De souvenirwinkeltjes bieden bijna allemaal dezelfde prullaria aan: magneetjes, beeldjes, kleurrijke houten borden met daarop een spreuk, flamingo, ezel, vis of schildpad. Het toeristenbureau en het postkantoor met de naam Flamingo Express bevinden zich ook aan de Kaya Grandi.

Wat ons opvalt zijn de gekleurde gebouwen aan de Kaya Grandi en de kleurrijke wandtekeningen. Het oogt vrolijk en doet ons denken aan Villa Kakelbont van Pippi Langkous. We zien ook veel kunstgalerieën met kleurrijke handgemaakte kunstwerken.

Het Terramar-museum is halverwege 2016 geopend en bevindt zich tussen de Kaya Grandi en de Kaya J.N.E. Craane. Ook dit historisch- en archeologisch museum is okergeel geschilderd. Bij de entree worden we van harte welkom geheten en krijgen we een uitgebreide uitleg over het museum. Het is mogelijk om van de archeoloog een rondleiding te krijgen maar dan moeten we even wachten. We besluiten om het museum in eigen tempo te bezichtigen. De informatieborden in het museum zijn in het Engels.

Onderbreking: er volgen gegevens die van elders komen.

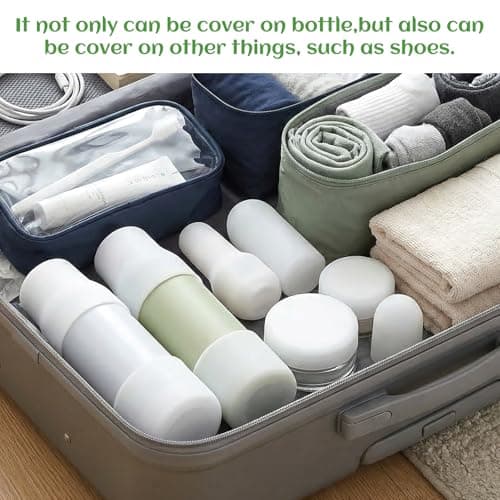 Sorcristy 10 Pack Travel Bottle Covers Silicone Cruise Essentials Reusable Various Travel Size Bottles Container Elastic Sleeves Leak Proofing for Men Women Toiletries Bag Accessories — view 4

We beginnen onze reis door de geschiedenis vanaf 4500 voor Christus. Vissers en jagers uit Midden- en Zuid-Amerika leefden als semi-nomaden op Bonaire. Rond 500 BC vestigden de uit Venezuela afkomstige Caiquetío-indianen zich permanent op Bonaire. Deze indianen hebben tal van sporen achtergelaten, zoals keramiek, schelpsieraden en rotstekeningen.

In 1499 ‘ontdekte’ Amerigo Vespucci het eiland Bonaire. Hij noemde Bonaire een nutteloos eiland (‘isla inutile’), omdat er geen delfstoffen en bruikbare landbouwgronden te vinden waren.

In 1634 veroverden de Nederlanders Bonaire op de Spanjaarden, om er een steunpunt voor de West-Indische Compagnie te vestigen. Door de opbloeiende haringvisserij in Holland ontstond er een grote behoefte aan zout als conserveermiddel en dat kon op Bonaire makkelijk geoogst worden.

Van de zeventiende tot in de negentiende eeuw werden slaven uit Afrika naar Bonaire gebracht om te werken in de suikerplantages en de zoutpannen. In 1863 werd de slavernij op de benedenwindse eilanden (Aruba, Bonaire en Curaçao) afgeschaft. Tijdens de eilandtour de volgende dag zien we de overblijfselen van deze nare geschiedenis: de slavenhutten bij de zoutpannen.

Vanaf de jaren zeventig van de twintigste eeuw begon de opkomst van het toerisme op Bonaire. Het toerisme en de zoutproductie zijn tegenwoordig de belangrijkste inkomstenbronnen. Bonaire is voornamelijk populair onder natuurliefhebbers, cruisepassagiers, zonaanbidders, snorkelaars en duikers.

De bijnaam van Bonaire is ‘Divers Paradise’ en deze spreuk zien we op alle kentekenplaten van de auto’s terug. Rond heel Bonaire (en Klein Bonaire) ligt het 2600 hectare grote Bonaire National Marine Park, een beschermd onderwaterpark. In totaal zijn er zo’n zestig duikplaatsen, met name aan de westzijde van het eiland.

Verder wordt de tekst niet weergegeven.